• [WORK INSTRUCTIONS]: Below are the records; they must be reproduced verbatim.

• [DATA IN THIS EXERCISE]:
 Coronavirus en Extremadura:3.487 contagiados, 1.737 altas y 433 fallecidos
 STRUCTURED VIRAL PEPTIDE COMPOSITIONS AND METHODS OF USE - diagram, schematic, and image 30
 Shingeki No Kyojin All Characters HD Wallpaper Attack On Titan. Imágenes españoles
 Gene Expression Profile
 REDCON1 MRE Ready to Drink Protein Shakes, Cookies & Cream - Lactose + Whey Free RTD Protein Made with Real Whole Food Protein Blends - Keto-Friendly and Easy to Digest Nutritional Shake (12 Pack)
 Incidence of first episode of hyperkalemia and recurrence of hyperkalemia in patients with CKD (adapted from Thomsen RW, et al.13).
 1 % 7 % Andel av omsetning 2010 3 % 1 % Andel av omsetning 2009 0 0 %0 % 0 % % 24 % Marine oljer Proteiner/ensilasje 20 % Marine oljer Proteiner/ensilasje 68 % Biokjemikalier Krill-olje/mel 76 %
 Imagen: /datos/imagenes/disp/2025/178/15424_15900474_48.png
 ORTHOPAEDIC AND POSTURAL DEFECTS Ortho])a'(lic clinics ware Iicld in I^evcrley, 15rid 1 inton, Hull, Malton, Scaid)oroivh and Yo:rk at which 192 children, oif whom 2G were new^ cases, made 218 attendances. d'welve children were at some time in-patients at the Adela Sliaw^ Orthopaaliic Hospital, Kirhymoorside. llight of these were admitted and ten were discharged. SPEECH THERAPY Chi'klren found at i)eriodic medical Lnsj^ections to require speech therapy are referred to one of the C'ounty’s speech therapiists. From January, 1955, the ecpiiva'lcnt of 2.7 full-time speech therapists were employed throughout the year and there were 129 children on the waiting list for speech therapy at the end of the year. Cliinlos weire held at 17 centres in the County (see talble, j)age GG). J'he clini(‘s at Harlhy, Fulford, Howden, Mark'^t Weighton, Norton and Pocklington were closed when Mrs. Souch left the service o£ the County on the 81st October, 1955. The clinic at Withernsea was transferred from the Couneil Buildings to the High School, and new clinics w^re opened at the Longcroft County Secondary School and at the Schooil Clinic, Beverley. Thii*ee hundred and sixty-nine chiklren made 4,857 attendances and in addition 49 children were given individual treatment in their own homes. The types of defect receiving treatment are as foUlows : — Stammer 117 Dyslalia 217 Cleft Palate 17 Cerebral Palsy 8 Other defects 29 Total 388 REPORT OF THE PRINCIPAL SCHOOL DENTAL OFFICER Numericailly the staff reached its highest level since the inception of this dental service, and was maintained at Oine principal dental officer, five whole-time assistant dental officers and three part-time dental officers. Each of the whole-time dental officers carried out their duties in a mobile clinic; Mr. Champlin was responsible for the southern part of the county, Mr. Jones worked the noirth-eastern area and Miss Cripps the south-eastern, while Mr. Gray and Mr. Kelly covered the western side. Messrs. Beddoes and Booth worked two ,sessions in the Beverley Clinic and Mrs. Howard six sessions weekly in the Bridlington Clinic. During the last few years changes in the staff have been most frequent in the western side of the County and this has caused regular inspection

• [SOLUTION BELOW]:
 Coronavirus en Extremadura:3.487 contagiados, 1.737 altas y 433 fallecidos
 STRUCTURED VIRAL PEPTIDE COMPOSITIONS AND METHODS OF USE - diagram, schematic, and image 30
 Shingeki No Kyojin All Characters HD Wallpaper Attack On Titan. Imágenes españoles
 Gene Expression Profile
 REDCON1 MRE Ready to Drink Protein Shakes, Cookies & Cream - Lactose + Whey Free RTD Protein Made with Real Whole Food Protein Blends - Keto-Friendly and Easy to Digest Nutritional Shake (12 Pack)
 Incidence of first episode of hyperkalemia and recurrence of hyperkalemia in patients with CKD (adapted from Thomsen RW, et al.13).
 1 % 7 % Andel av omsetning 2010 3 % 1 % Andel av omsetning 2009 0 0 %0 % 0 % % 24 % Marine oljer Proteiner/ensilasje 20 % Marine oljer Proteiner/ensilasje 68 % Biokjemikalier Krill-olje/mel 76 %
 Imagen: /datos/imagenes/disp/2025/178/15424_15900474_48.png
 ORTHOPAEDIC AND POSTURAL DEFECTS Ortho])a'(lic clinics ware Iicld in I^evcrley, 15rid 1 inton, Hull, Malton, Scaid)oroivh and Yo:rk at which 192 children, oif whom 2G were new^ cases, made 218 attendances. d'welve children were at some time in-patients at the Adela Sliaw^ Orthopaaliic Hospital, Kirhymoorside. llight of these were admitted and ten were discharged. SPEECH THERAPY Chi'klren found at i)eriodic medical Lnsj^ections to require speech therapy are referred to one of the C'ounty’s speech therapiists. From January, 1955, the ecpiiva'lcnt of 2.7 full-time speech therapists were employed throughout the year and there were 129 children on the waiting list for speech therapy at the end of the year. Cliinlos weire held at 17 centres in the County (see talble, j)age GG). J'he clini(‘s at Harlhy, Fulford, Howden, Mark'^t Weighton, Norton and Pocklington were closed when Mrs. Souch left the service o£ the County on the 81st October, 1955. The clinic at Withernsea was transferred from the Couneil Buildings to the High School, and new clinics w^re opened at the Longcroft County Secondary School and at the Schooil Clinic, Beverley. Thii*ee hundred and sixty-nine chiklren made 4,857 attendances and in addition 49 children were given individual treatment in their own homes. The types of defect receiving treatment are as foUlows : — Stammer 117 Dyslalia 217 Cleft Palate 17 Cerebral Palsy 8 Other defects 29 Total 388 REPORT OF THE PRINCIPAL SCHOOL DENTAL OFFICER Numericailly the staff reached its highest level since the inception of this dental service, and was maintained at Oine principal dental officer, five whole-time assistant dental officers and three part-time dental officers. Each of the whole-time dental officers carried out their duties in a mobile clinic; Mr. Champlin was responsible for the southern part of the county, Mr. Jones worked the noirth-eastern area and Miss Cripps the south-eastern, while Mr. Gray and Mr. Kelly covered the western side. Messrs. Beddoes and Booth worked two ,sessions in the Beverley Clinic and Mrs. Howard six sessions weekly in the Bridlington Clinic. During the last few years changes in the staff have been most frequent in the western side of the County and this has caused regular inspection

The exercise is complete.